**WHAT TO PRODUCE:** Reproduce, from the lines below, exactly the stretch that begins at the line containing "Aeroflow Cutter 150" and ends at the line containing "Tacones Altos de", both included.

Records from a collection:
◆ ◆ ◆

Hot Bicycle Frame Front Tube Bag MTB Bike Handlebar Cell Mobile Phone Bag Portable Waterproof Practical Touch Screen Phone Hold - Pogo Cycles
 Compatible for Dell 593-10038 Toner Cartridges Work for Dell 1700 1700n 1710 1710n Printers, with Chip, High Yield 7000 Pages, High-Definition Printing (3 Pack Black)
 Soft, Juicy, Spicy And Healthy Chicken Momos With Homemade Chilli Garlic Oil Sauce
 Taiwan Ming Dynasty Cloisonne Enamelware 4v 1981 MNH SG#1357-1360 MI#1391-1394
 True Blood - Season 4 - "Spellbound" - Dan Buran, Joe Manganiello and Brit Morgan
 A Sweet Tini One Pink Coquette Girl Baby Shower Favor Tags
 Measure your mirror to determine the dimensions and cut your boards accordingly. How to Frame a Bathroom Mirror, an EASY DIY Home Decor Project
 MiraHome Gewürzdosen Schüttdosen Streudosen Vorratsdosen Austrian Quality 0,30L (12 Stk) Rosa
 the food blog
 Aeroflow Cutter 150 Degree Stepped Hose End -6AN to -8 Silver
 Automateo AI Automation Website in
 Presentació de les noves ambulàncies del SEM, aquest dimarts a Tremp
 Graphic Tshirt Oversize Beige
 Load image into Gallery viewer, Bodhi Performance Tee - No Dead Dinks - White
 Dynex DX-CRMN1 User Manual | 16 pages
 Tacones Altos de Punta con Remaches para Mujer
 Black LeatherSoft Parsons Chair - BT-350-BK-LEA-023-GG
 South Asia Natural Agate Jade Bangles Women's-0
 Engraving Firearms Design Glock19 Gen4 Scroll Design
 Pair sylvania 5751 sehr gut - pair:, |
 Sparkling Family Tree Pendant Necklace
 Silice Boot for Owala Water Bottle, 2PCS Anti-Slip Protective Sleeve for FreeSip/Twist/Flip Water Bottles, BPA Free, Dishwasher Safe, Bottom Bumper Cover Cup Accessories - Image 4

◆ ◆ ◆

**RESPONSE TO THE EXERCISE:**
 Aeroflow Cutter 150 Degree Stepped Hose End -6AN to -8 Silver
 Automateo AI Automation Website in
 Presentació de les noves ambulàncies del SEM, aquest dimarts a Tremp
 Graphic Tshirt Oversize Beige
 Load image into Gallery viewer, Bodhi Performance Tee - No Dead Dinks - White
 Dynex DX-CRMN1 User Manual | 16 pages
 Tacones Altos de Punta con Remaches para Mujer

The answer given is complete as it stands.